Have you ever read something that just speaks to you? Gregory Boyle, the Jesuit priest who wrote Tatoos on the Heart, shared this in one of his “daily meditations,” and it was so beautiful and poignant right now.
Mother Teresa diagnosed the world’s ills in this way: we’ve just “forgotten that we belong to each other.” Kinship is what happens to us when we refuse to let that happen. With kinship as the goal, other essential things fall into place; without it, no justice, no peace. I suspect that were kinship our goal, we would no longer be promoting justice—we would be celebrating it.
Often we strike the high moral distance that separates “us” from “them,” and yet it is God’s dream come true when we recognize that there exists no daylight between us. Serving others is good. It’s a start. But it’s just the hallway that leads to the Grand Ballroom.
Kinship—not serving the other, but being one with the other. Jesus was not “a man for others”; he was one with them. There is a world of difference in that. . . .
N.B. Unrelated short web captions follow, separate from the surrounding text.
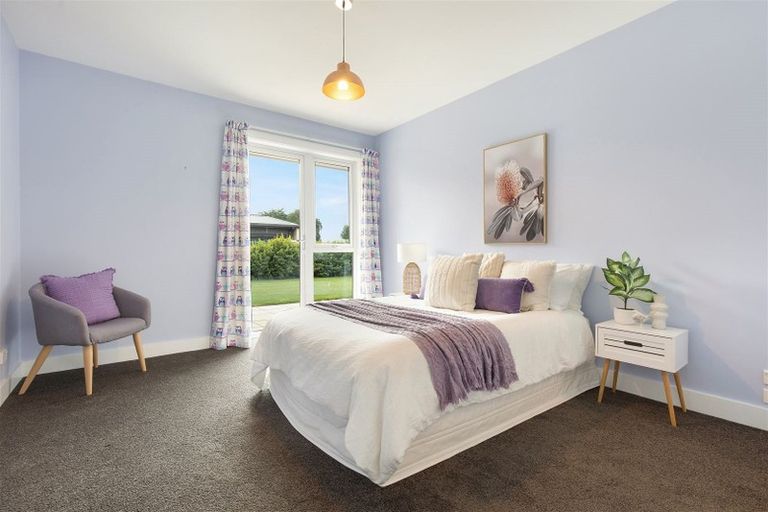 Photo of property in 12 Mapleham Drive, Pegasus, 7612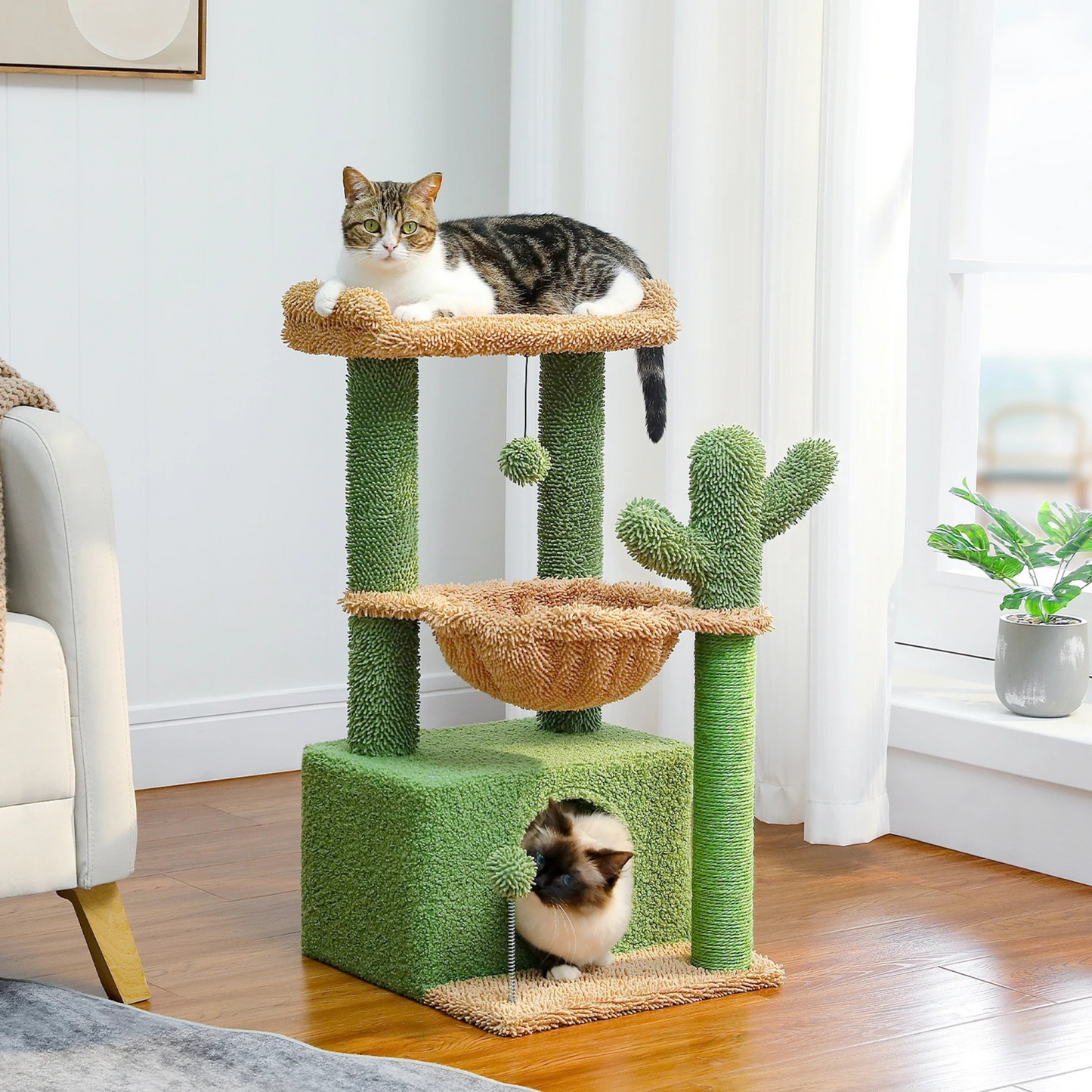 Arbre à chat compact – avec hamac, perchoir et griffoir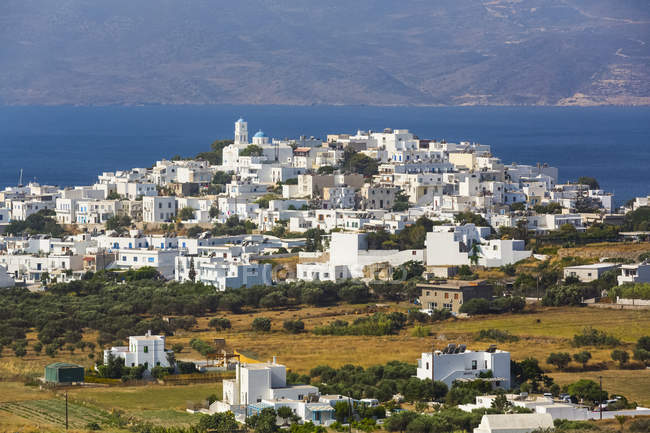 Town on the coast of Milos Island with white buildings and blue sea; Adamas, Milos Island, Cyclades, Greece — Photo de stock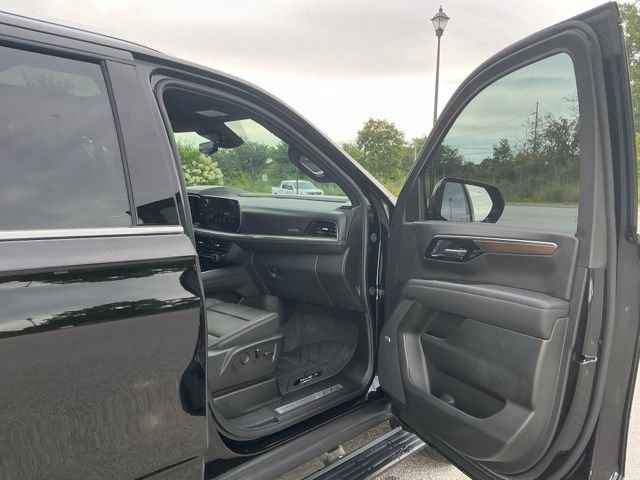 Used 2025 Chevrolet Suburban High Country AWD/4WD image 18
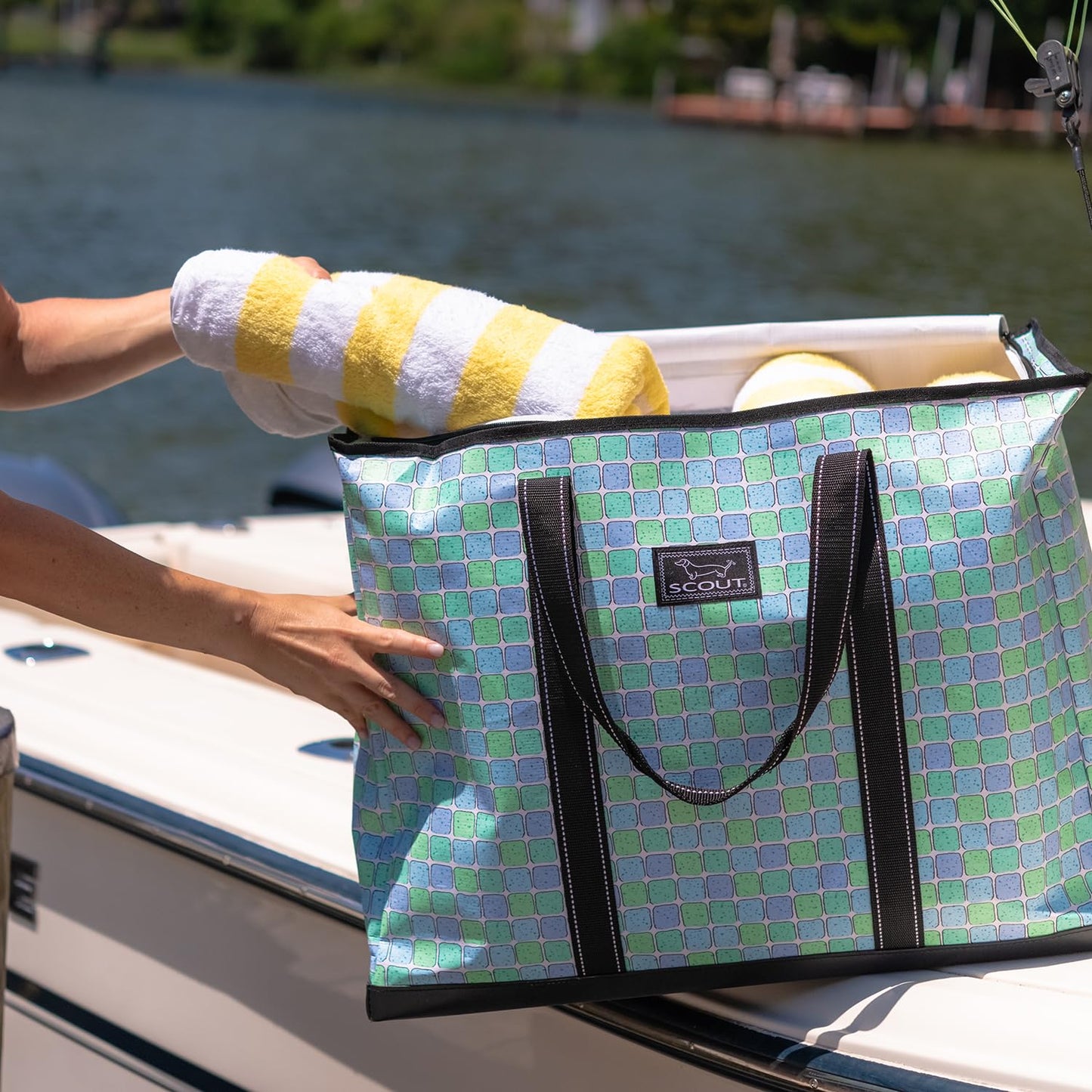 SCOUT 4 Boys Bag, Extra Large Water-Resistant Family Beach Bag with Zip Closure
No daylight to separate us.
Only kinship. Inching ourselves closer to creating a community of kinship such that God might recognize it. Soon we imagine, with God, this circle of compassion. Then we imagine no one standing outside of that circle, moving ourselves closer to the margins so that the margins themselves will be erased….
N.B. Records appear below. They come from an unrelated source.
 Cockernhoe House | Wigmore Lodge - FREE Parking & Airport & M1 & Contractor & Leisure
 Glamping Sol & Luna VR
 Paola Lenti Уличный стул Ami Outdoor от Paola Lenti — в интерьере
Kinship is what God presses us on to, always hopeful that its time has come.
There is so much unrest going on in the world right now.
May we use it as an impetus for change, for education, for hearing and listening to each other, truly “seeing” each other so that we can find our way to the spot where there will be “no daylight between us.”
Mamas, let us not forget that we belong to each other. And that is a beautiful thing.